YTN5 and YTN16 cells were grown in 6-well plates and transfected with FOXM1 siRNA for 24 h. Cells were then exposed to 20 ng/mL IFNγ (Abcam, #9922) in 1 mL total volume for 24 h. The confluence of cells was equal at the end of the treatment with IFNγ, and the media was collected for analysis. ELISA kits for CCL2 (R&D Systems, # DY479-05), CXCL9 (R&D Systems, # DY492-05), and CXCL10 (R&D Systems, # DY466-05) were performed according to the manufacturer’s protocols, using 100 μL of media.

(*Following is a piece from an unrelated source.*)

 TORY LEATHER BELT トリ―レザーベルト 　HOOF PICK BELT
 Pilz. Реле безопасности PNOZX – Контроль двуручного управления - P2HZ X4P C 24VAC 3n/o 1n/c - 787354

GSEA analysis of candidate TFs identified by ELMER

Based on the EAC tumor-specific DMRs that we identified recently, the ELMER method was applied to identify candidate transcription-factor-binding sequences (TFBS) and the top 30 TFs with q-value < 0.05 and average FPKM > 5 in EAC tumors were retained [10]. For each candidate TF, we identified the nearest genes to the tumor-specific-hypoDMRs that contained the corresponding TFBS and ATAC-Seq peaks (from TCGA EAC samples) as the TF target genes [16]. Next, GSEA was performed in PreRank mode using the fold change between EAC tumor and nonmalignant tissue as input and TF target genes as the library [17].

RNA-seq data analysis

Paired end reads were aligned to the human reference genome (hg19) using STAR (–alignIntronMin 20–alignIntronMax 1000000 –alignSJoverhangMin 8 –quantMode GeneCounts) method. Differential gene expression analysis was performed using DESeq2 R package. RNA-Seq data for the OE19 cell line were downloaded from (E-MTAB-8579) and processed in a similar manner [48].

ChIP-Seq data analysis

ChIP-Seq data of FOXM1 was generated in ESO26 and SKGT4 cell lines. Briefly, sequencing reads were aligned to human reference genome (HG19) using Bowtie2 (v2.2.6) (k = 2) [49]. We used Picard MarkDuplicates tool to mark PCR duplicates. ENCODE blacklisted regions were removed. Macs2 was utilized to identify the peaks with the parameters –bdg –SPMR –nomodel –extsize 200 -q 0.01. Bigwig files were generated by bamCompare in DeepTools (v3.1.3) using parameters –binSize 10–numberOfProcessors 5 –scaleFactorsMethod None –normalizeUsing CPM–ignoreDuplicates –extendReads 200 from Ramirez et al. (2014) [50]. The bigwig files were visualized in Integrative Genomics Viewer (IGV) [51].

Statistical analysis

The analysis of IF intensity was conducted using ImageJ (NIH,MD). Kaplan–Meier curves were produced for overall survival analysis using a Log-rank test. For comparison of continuous variables between groups, a two-tailed Student t-test was used. For comparison of multiple groups, one-way ANOVA tests were performed using multiple comparisons. ANOVA tests were assumed to have a Gaussian distribution. Dunnett’s test was used to correct for multiple comparisons. The values at P < 0.05 (*), P < 0.01 (**), P < 0.001 (***), and P < 0.0001 (****) were considered statistically significant. Graphs were produced using GraphPad Prism 10 software and data were shown as the mean ± SD, unless otherwise noted.